Driven by uncertainty over regulatory direction and initiatives, the result has been a systematic and industry-wide predilection for IT spend to focus on short-term, compliance-driven upgrades to existing systems rather than longer-term strategic systems replacement and enhancement. Firms have then had to stomach criticism from regulators for the very systems management practices their perpetual torrent of regulatory change has fostered.

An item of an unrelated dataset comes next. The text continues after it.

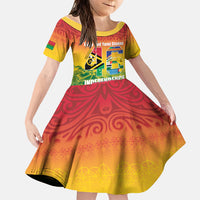 Vanuatu Indipendens Dei Family Matching Off Shoulder Short Dress and Hawaiian Shirt Yumi 46th Independence Anniversary LT14 Daughter's Dress Reggae - Polynesian Pride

Recent IT failures at institutions in the UK and further afield are, beyond doubt, the responsibilities of the firms themselves. But European and national regulators need to be both far more conscious of their impact on firms’ systems investment decisions and of the utility of defining the data architecture they need to perform effective supervision at firm and system level.
Excessive regulatory prescription is strangling firms’ initiative and turning them in to compliance factories. The result weakens rather than strengthens risk management and encourages firms to retain and patch dated systems. Perhaps a regulatory rethink is in order.